Segment Start: Data for processing

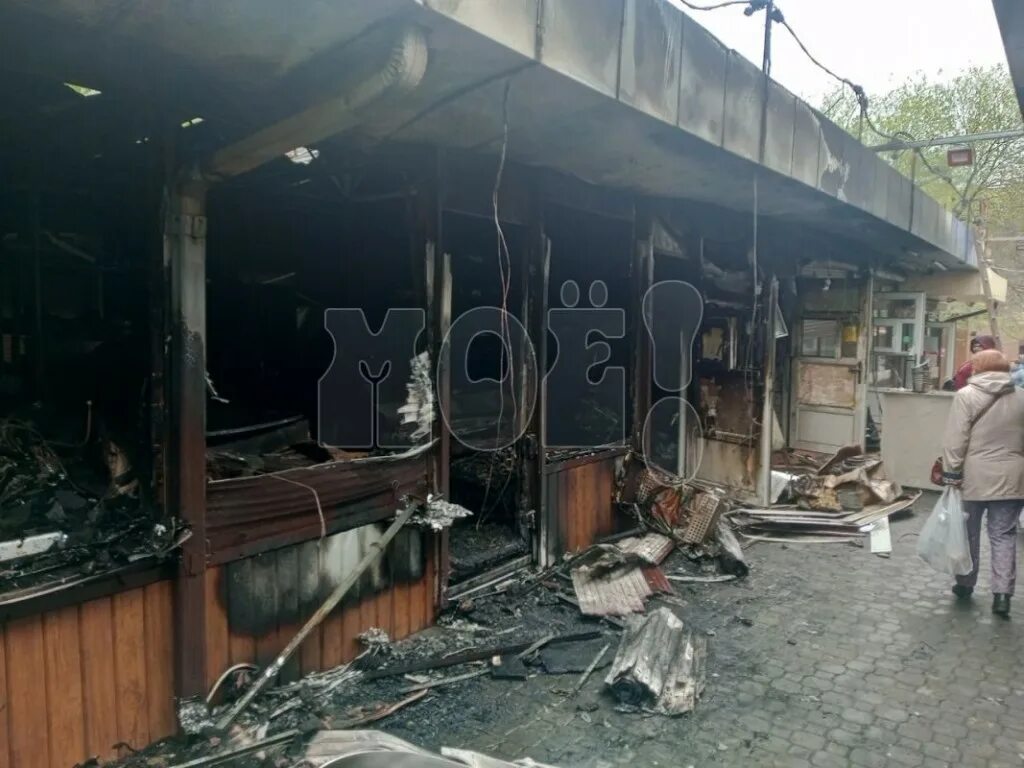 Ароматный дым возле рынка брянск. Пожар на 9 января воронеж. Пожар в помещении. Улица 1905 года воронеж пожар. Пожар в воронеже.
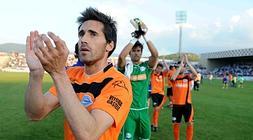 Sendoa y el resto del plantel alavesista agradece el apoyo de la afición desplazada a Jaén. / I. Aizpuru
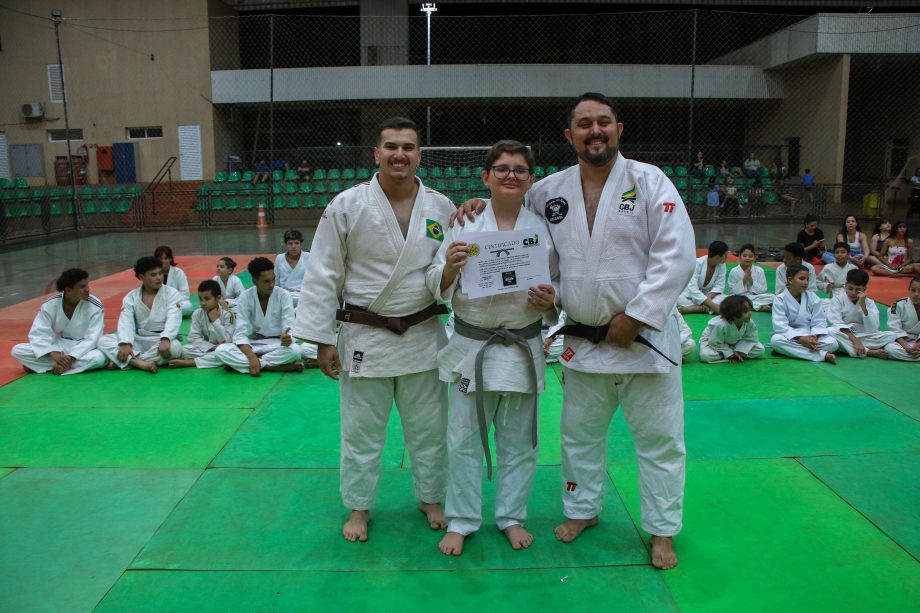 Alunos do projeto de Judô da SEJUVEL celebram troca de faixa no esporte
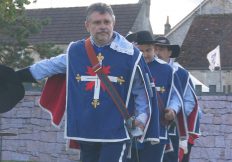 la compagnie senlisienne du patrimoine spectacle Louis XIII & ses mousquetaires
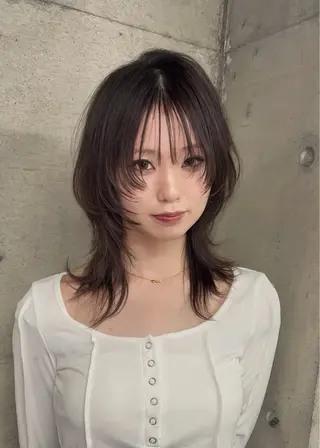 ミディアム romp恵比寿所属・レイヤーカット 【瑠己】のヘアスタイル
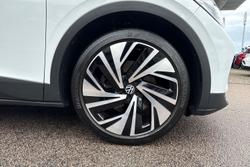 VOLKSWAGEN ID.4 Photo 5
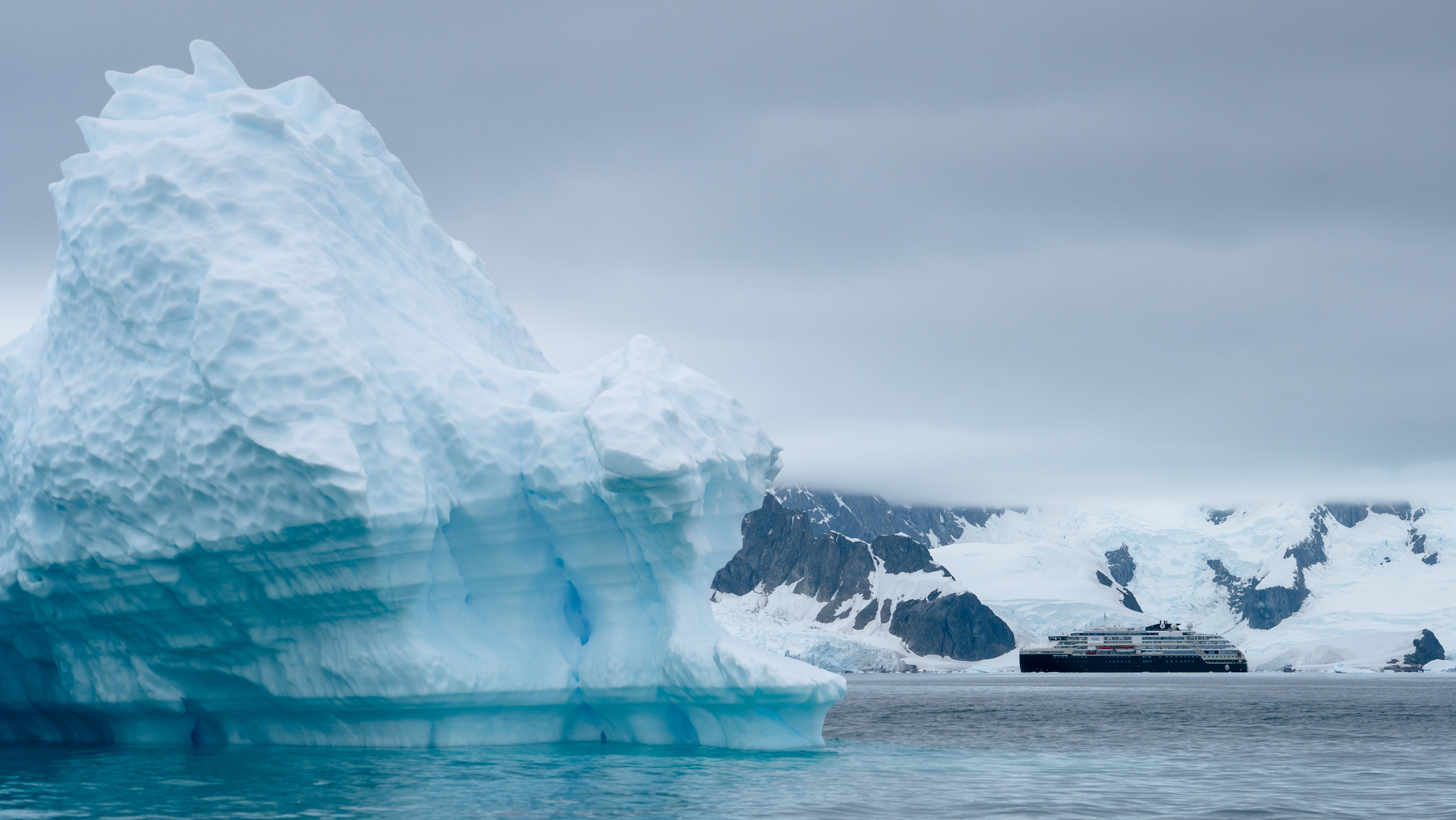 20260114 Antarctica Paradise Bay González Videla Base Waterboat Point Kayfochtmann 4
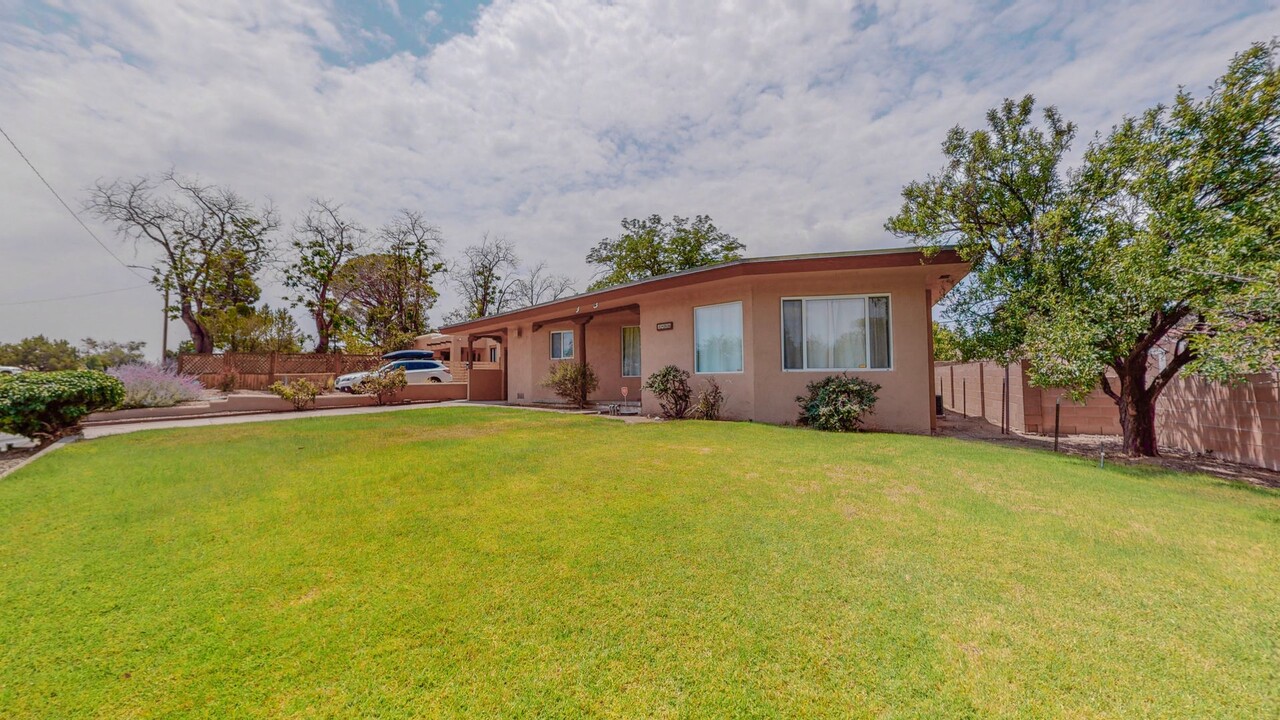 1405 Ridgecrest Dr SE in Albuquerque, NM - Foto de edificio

Segment End: Data for processing

An exact transcription is needed, covering the line with "20260114 Antarctica Paradise" and every line after it to the end of the entries, but not the pictures.

**Answer section:**
 20260114 Antarctica Paradise Bay González Videla Base Waterboat Point Kayfochtmann 4
 1405 Ridgecrest Dr SE in Albuquerque, NM - Foto de edificio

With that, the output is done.